Results 1 to 14 of 14
  1. #1

    Question Developing Layer 7 switch/balancer. Opinions needed.

    Hello,

    It all started when we needed to switch traffic between several servers based on HTTP GET header. And moreover, we needed pretty complicated “decision making” module which would decide where (and if) to forward the request. So simple regexp match on a header was not option. We also needed replies to be sent directly to clients, and NOT via balancer. And we needed nodes to be geographically distributed…

    I found several commercial products capable of doing almost that, but priced at $3-9k and more. And there’s no stable open source software as well.

    So… we started the development of our own content-aware layer 7 switch which will “live” _inside_ Linux 2.6.18 kernel. Currently it’s a pre-development stage, we’re examining possible approaches.

    A brief list of planned features:
    1) HTTP headers lookup. Serve all your images from server A, everything else from server B.
    2) MySQL traffic switching (for MySQL clusters mostly). Forward INSERTs to server A, SELECTs to server B.
    3) URL based access control. (This is some very advanced feature)
    4) Load balancing and failover.
    5) Outgoing bandwidth limiting. (Limits rate AND BW in GBs per URL)
    6) Content maps. You don’t have to completely mirror all our content on each node. Just mirror the most used files.
    7) Google-like balancing. You can have nodes in different parts of the world and send replies directly to clients from the closest node.

    Hardware requirements:
    Any server with Linux 2.6.x on it for the balancer. Same for nodes. Nodes may also need custom kernel module to be loaded.

    Planned performance:
    Since it’s gonna be integrated into the kernel, we expect it to work pretty fast.

    My question is: should be make a commercial product out of it? It becomes one, the price will be $500-1000 per balancer, with possibility to lease at $99/mo. This includes initial installation done completely by our techs (balancer and all the nodes) and updates.

    Is there any demand for such piece of software at such price? If so, what kind of features would you like there to be?

    Thanks.

  2. #2
    That's a nice welcome to the community...

  3. #3
    Join Date
    Nov 2003
    Location
    Olde Englandshire
    Posts
    382
    Ask a mod to move this to the colocation forum - they're the sort of people who might want to use this sort of thing

  4. #4
    Join Date
    Jun 2004
    Location
    Bay Area
    Posts
    1,320
    2) MySQL traffic switching (for MySQL clusters mostly). Forward INSERTs to server A, SELECTs to server B.
    This is going to be a pretty hard thing to do - Since a client usually sets up 1 connection to a MySQL server, and uses that for both inserts and selects. It is not (like the header switching) that every new connection can just be redirected to server X or Y.

    But this certainly seems interesting, best of luck with the project

  5. #5
    Join Date
    May 2004
    Location
    Toronto, Canada
    Posts
    5,084
    Short answer: Yes of course there would be interest.

    If you can do for a fraction of the price on plain hardware what Cisco and others are doing for tens of thousands of dollars why wouldn't we want it.
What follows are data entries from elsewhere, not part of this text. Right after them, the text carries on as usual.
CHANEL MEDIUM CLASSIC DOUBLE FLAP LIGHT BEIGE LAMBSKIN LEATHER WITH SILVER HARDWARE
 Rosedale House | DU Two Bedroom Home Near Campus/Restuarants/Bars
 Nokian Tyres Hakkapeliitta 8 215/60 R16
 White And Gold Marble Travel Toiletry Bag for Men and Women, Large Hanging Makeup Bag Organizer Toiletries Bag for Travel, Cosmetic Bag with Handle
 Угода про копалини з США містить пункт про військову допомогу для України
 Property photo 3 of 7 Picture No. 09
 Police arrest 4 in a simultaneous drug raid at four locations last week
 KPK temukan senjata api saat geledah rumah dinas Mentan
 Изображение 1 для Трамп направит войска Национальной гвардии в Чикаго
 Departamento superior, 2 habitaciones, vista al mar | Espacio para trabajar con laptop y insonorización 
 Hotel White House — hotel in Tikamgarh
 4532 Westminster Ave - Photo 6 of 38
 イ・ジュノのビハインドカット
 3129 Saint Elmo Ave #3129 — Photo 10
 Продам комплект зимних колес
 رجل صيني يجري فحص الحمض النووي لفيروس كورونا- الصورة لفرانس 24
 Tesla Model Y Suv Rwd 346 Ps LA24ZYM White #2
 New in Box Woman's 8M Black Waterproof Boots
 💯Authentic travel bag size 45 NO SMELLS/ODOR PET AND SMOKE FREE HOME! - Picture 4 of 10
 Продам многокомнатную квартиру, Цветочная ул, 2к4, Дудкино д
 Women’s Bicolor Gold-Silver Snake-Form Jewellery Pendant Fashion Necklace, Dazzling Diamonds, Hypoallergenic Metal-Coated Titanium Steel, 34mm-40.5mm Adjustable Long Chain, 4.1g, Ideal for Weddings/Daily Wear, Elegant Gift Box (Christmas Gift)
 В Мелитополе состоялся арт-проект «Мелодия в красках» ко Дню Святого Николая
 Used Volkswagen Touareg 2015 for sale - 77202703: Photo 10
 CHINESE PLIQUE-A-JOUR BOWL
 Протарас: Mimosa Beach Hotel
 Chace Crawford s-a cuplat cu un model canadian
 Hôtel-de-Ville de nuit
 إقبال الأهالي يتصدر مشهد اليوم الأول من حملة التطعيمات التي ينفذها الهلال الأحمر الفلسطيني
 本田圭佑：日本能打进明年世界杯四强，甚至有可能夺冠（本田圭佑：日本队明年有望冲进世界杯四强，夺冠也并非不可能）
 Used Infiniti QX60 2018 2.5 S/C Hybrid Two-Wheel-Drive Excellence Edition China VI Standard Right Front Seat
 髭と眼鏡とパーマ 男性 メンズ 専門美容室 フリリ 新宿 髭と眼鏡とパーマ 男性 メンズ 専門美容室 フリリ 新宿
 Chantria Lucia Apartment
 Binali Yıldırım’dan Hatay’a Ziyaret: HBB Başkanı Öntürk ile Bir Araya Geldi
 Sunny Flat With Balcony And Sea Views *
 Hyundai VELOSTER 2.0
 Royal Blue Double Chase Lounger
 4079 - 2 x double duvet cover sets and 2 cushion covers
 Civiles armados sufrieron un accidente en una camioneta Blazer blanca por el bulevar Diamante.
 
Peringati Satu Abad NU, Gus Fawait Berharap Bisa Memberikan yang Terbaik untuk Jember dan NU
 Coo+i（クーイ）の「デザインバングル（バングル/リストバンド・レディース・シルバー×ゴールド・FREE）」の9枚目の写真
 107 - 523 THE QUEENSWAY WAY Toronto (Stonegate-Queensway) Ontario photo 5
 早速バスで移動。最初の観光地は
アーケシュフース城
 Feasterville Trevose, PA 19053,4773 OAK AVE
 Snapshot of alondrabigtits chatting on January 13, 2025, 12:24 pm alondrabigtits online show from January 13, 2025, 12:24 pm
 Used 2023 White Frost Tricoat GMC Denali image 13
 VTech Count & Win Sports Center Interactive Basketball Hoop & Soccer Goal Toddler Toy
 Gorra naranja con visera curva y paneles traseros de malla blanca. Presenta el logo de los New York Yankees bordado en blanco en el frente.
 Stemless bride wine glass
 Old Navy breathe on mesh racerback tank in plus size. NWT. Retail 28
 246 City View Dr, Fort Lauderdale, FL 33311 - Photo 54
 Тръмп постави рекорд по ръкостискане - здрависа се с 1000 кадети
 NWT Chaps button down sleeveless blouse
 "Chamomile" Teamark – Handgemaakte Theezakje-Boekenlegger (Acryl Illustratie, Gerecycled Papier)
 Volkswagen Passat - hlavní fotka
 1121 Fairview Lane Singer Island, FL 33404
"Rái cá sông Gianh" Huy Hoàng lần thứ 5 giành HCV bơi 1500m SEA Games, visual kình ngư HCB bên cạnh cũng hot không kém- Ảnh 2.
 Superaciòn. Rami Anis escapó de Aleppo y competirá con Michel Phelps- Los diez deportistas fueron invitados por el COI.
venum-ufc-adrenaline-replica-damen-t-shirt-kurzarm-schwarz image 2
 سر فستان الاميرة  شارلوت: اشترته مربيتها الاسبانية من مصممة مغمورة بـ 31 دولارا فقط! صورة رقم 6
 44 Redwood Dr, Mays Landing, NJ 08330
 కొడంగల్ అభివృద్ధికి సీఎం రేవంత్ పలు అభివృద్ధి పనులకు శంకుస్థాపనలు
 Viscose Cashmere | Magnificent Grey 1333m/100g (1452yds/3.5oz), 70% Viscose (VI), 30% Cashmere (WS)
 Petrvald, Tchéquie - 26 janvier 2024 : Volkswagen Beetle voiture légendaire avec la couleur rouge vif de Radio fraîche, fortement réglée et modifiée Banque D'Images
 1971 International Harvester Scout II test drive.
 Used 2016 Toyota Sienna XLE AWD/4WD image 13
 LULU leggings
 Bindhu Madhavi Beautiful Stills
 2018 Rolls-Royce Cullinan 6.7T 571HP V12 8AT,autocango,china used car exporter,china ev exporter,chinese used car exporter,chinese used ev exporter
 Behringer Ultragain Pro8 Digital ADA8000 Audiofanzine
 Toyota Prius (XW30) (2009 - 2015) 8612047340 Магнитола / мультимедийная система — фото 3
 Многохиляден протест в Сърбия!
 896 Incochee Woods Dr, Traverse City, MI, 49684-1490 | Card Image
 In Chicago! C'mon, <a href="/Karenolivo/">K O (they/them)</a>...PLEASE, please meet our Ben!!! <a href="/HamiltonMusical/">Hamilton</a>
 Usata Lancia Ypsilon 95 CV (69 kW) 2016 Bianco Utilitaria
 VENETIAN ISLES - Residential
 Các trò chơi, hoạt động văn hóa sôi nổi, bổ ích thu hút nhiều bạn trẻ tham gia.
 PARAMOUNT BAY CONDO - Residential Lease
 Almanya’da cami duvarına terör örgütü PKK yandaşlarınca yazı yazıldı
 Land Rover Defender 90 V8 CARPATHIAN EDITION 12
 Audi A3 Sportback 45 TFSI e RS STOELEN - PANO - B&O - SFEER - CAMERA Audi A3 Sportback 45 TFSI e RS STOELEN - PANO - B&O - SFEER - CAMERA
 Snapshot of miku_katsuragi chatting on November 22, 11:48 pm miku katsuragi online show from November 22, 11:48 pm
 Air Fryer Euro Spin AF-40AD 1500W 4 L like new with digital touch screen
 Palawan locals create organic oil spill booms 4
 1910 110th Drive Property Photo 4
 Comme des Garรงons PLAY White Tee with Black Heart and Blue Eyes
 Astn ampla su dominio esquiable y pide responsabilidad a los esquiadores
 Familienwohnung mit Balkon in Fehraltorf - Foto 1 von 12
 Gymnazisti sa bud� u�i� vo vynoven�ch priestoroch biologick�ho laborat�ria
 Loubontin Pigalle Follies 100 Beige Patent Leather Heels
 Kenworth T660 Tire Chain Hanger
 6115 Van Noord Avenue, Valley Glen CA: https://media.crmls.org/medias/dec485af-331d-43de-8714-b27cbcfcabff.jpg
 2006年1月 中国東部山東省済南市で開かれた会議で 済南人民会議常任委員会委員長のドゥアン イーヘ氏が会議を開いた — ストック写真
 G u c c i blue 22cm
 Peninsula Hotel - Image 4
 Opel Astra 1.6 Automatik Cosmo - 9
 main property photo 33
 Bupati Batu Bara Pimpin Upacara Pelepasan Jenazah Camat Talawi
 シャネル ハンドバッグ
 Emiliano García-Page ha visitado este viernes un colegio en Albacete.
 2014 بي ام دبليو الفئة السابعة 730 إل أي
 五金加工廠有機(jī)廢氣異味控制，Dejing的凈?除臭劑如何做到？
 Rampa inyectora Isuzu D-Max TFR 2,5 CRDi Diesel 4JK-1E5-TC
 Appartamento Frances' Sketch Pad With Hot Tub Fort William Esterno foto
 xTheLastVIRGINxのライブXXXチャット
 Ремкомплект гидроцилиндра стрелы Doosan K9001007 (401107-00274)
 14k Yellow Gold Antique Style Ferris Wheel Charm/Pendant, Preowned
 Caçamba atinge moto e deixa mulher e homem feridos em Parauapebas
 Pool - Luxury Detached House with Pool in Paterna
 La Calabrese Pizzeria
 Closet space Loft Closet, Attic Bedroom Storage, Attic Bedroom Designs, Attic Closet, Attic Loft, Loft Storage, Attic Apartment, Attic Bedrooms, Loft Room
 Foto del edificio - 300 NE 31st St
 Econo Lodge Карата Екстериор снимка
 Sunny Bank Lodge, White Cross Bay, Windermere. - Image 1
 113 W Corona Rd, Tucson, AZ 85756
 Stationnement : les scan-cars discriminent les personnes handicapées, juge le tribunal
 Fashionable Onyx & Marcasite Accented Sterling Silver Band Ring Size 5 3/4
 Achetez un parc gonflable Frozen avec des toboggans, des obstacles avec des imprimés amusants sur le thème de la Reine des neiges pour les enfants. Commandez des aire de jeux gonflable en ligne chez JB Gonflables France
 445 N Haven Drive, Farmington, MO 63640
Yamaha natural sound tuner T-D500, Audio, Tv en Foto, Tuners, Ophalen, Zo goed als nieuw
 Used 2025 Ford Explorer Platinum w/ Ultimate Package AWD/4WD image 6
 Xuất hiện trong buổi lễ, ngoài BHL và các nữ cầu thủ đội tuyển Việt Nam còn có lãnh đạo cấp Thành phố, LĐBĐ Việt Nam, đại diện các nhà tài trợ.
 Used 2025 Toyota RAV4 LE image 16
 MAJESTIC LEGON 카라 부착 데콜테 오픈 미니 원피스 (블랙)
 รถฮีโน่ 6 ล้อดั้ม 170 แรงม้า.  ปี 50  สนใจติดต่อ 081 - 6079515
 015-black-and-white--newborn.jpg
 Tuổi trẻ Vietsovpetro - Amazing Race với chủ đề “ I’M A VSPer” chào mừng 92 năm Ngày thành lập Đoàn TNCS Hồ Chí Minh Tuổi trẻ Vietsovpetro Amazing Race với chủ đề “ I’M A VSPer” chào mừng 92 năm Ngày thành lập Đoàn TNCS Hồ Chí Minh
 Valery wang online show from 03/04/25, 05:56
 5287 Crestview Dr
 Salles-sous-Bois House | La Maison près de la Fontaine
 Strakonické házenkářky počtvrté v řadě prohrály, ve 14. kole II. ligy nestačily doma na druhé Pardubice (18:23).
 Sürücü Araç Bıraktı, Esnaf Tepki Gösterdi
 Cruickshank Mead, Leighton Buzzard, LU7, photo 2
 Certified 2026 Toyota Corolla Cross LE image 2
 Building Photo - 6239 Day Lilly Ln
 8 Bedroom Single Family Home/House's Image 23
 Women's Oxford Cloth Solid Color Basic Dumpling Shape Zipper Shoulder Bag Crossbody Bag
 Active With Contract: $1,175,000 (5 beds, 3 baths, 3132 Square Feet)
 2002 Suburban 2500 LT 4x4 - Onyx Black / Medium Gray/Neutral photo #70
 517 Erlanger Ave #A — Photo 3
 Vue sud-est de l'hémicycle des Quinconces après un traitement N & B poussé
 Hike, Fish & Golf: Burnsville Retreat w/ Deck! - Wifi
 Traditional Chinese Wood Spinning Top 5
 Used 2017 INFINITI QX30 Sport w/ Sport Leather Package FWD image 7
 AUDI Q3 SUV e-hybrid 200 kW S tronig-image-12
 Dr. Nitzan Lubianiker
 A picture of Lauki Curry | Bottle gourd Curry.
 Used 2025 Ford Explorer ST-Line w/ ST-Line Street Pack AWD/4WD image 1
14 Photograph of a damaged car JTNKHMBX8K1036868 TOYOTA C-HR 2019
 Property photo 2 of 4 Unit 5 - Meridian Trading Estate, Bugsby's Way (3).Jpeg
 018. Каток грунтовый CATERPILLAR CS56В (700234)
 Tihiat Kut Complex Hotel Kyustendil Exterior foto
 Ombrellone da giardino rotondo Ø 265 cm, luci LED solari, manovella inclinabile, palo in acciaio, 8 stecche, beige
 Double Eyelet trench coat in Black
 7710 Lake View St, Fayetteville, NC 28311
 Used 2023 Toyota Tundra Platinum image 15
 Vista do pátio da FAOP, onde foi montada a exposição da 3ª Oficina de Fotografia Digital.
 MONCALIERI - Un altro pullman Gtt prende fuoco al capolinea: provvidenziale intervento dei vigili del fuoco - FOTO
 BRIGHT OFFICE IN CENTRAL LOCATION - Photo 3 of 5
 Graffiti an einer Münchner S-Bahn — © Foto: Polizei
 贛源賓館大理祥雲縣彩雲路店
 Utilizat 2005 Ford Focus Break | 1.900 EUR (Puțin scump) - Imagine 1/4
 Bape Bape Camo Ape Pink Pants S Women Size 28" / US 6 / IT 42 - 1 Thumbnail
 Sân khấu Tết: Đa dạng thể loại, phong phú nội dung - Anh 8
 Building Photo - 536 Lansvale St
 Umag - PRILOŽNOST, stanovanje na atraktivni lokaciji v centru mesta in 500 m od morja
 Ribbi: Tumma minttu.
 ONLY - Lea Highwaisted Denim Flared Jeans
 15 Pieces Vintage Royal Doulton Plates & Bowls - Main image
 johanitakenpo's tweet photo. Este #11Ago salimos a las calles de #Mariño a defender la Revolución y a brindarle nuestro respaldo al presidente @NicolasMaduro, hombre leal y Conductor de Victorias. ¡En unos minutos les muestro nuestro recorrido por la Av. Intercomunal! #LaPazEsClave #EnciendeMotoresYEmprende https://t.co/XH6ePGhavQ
I certainly would be interested in helping. I suggest you do this on an opensource basis with priced support model.
    André Allen | E: aallen(a)linovus.ca
    Linovus Holdings Inc
    Shared Hosting, Reseller Hosting, VPS, Dedicated Servers & Public Cloud | USA, Canada & UK - 24x7x365 Support

  6. #6
    Quote Originally Posted by Xandrios
    This is going to be a pretty hard thing to do - Since a client usually sets up 1 connection to a MySQL server, and uses that for both inserts and selects. It is not (like the header switching) that every new connection can just be redirected to server X or Y.
    Got your point. It’s not just the MySQL related thing. It's about any software which establishes one persistent connection and then does several transactions within this single connection, so I guess we just need to decide how we gonna deal with persistent connections in general. It'll probably be possible to split such connection into several ones according to some rule.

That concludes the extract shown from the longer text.